→ To do
Exactly the lines from the one containing "In this video" through the one containing "Hey guys, in" in the listing below are to be copied, with the pictures left out.

::: Data section

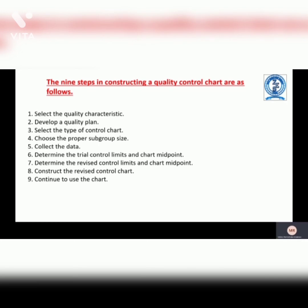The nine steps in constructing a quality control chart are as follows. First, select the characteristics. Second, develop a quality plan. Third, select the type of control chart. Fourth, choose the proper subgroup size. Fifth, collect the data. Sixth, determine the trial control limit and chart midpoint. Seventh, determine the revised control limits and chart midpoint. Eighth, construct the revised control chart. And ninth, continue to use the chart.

::::::
::: Data section

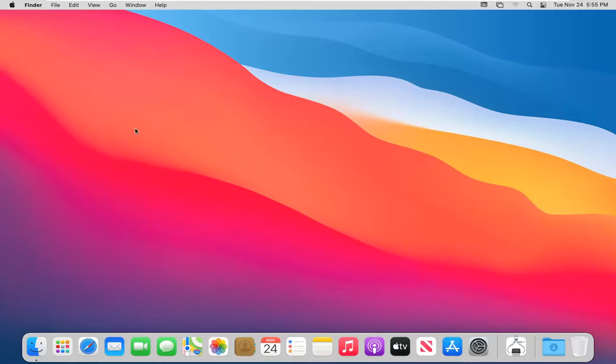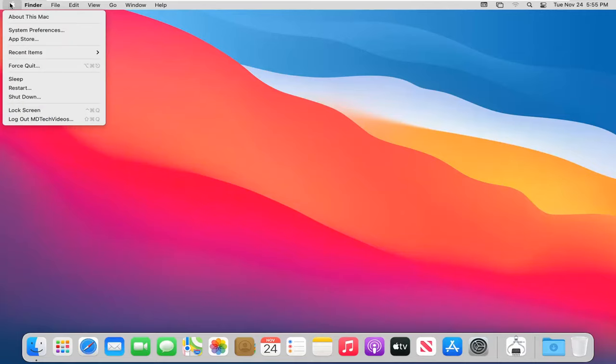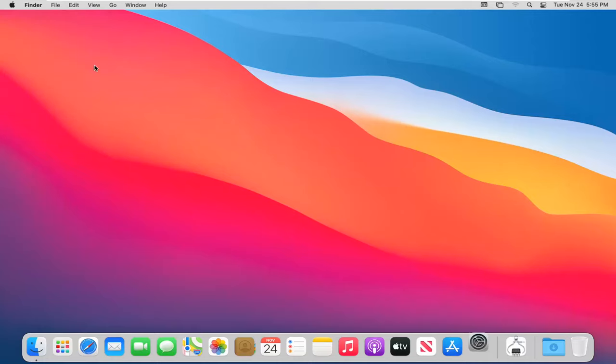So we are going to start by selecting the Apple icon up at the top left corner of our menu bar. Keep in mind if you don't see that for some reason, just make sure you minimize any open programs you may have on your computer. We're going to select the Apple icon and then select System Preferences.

::::::
::: Data section

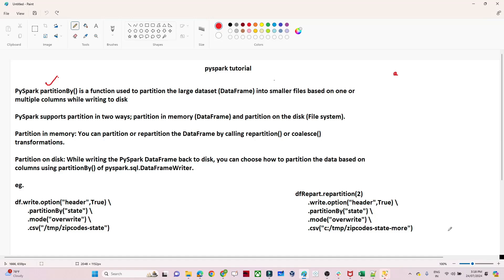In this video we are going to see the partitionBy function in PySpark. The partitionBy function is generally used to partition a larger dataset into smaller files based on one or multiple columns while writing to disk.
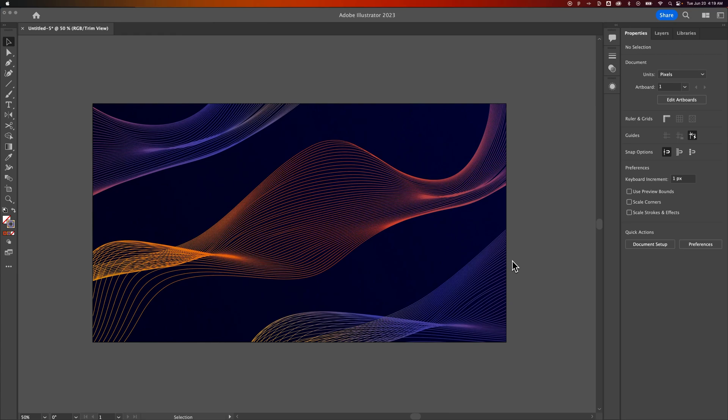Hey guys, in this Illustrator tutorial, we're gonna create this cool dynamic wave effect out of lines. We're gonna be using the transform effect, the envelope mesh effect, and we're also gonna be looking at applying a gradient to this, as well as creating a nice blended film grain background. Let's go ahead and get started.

::::::

→ Response to the exercise
In this video we are going to see the partitionBy function in PySpark. The partitionBy function is generally used to partition a larger dataset into smaller files based on one or multiple columns while writing to disk.
Hey guys, in this Illustrator tutorial, we're gonna create this cool dynamic wave effect out of lines. We're gonna be using the transform effect, the envelope mesh effect, and we're also gonna be looking at applying a gradient to this, as well as creating a nice blended film grain background. Let's go ahead and get started.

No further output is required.